A estas alturas, tras tres décadas y media de diálogo con los grupos armados ilegales, no estoy de acuerdo con las negociaciones con los violentos y estoy convencido de que no conducen a la paz. En una sociedad democrática y civilizada, lo justo es aplicar la ley a quienes la violan.

Se ha venido haciendo lo contrario: renunciar al estado de derecho, claudicar en la aplicación del imperio de la ley, arrodillarse frente a los violentos, garantizar la impunidad. Peor, se decidió romper el principio de igualdad frente a la ley para tratar mejor al criminal que al inocente. Los violentos además acceden a beneficios económicos y políticos que el ciudadano de bien jamás tendrá.

En nuestro país el crimen paga. En especial para aquellos que hacen parte de organizaciones delincuenciales, para los que matan mucho. Un terrorista, que asesina a sangre fría, tiene garantizada su impunidad. Los peores, los criminales de guerra y de lesa humanidad, son premiados.

Dos argumentos se esgrimen contra mi posición. Uno, que la negociación tiene precisamente por fin que cese la violencia. Es contra fáctico. Los hechos muestran que las negociaciones no han traído el fin del conflicto ni el cese de la violencia. Ninguna de las desmovilizaciones y pactos firmados con los violentos trajo “la paz”. Tampoco han disminuido los homicidios. El año pasado hubo más asesinatos que en el 2016.

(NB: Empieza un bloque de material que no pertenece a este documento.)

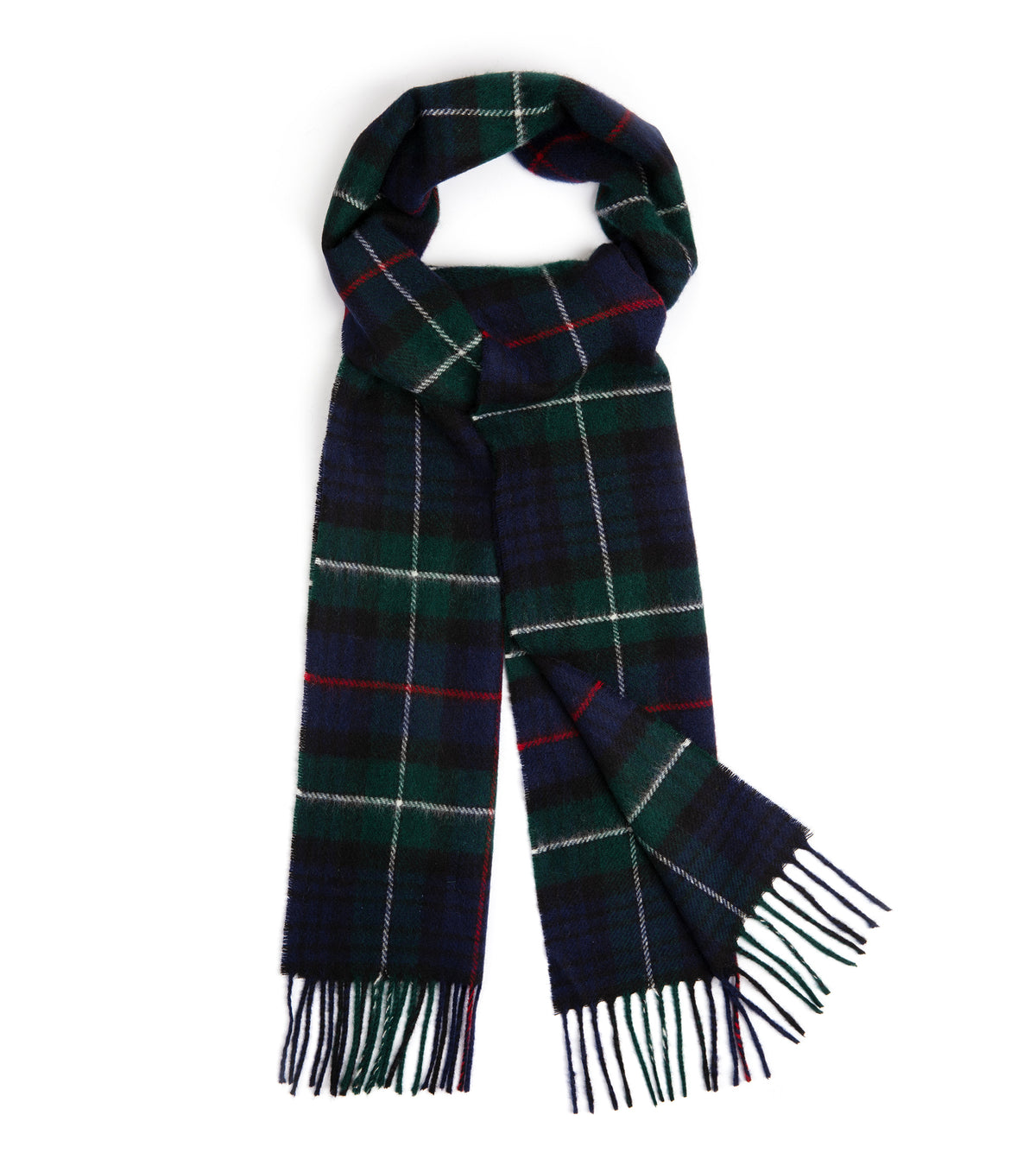 Trunk Moon Merino Check Scarf in Navy with fringed ends styled in a loop.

También se sostiene que el diálogo es el único camino porque el uso legítimo de la fuerza no consiguió poner fin al conflicto. Muchos conflictos internos se saldaron con el triunfo de una de las partes, desde la Guerra de Secesión hasta la derrota de Sendero Luminoso. En Colombia derrotamos estratégicamente a las Farc.

Además el argumento es anti ético: primero, que se sigan produciendo asesinatos no significa que se deba renunciar a perseguir a los asesinos ni, mucho menos, que haya que premiarlos. Una conducta mala repetida muchas veces no pierde su carácter perverso ni debe renunciarse a su castigo. Segundo, los ciudadanos de bien no deben arrodillarse frente a los asesinos para que rogarles que dejen de matar. Hay que fortalecer la Fuerza Pública para que no puedan seguir asesinando. La impunidad, por el contrario, no es solo anti pedagógica sino que estimula nuevas violencias.

Se negocia con los asesinos por la cruda y cruel razón de que tienen el poder de matar. La amenaza de nuevos homicidios late bajo la superficie esos diálogos.

Para rematar, los diálogos y las negociaciones solo han traído un reciclaje de los grupos armados ilegales y de los liderazgos dentro de esos grupos. Si algún grupo se desmoviliza, es reemplazado por otro. Y desde las negociaciones con la Corriente de Renovación Socialista, todas las desmovilizaciones han sido parciales. Siempre se han quedado por fuera una parte de los grupos violentos.

Finalmente, el reciclaje de la violencia tiene una explicación: hoy todos los grupos violentos, sin excepción, son mafiosos. La única manera de poner fin al conflicto y a la violencia no es la de los diálogos claudicantes sino el de la derrota del narcotráfico. Es devastador que esa lucha, vital, tampoco quiera darse.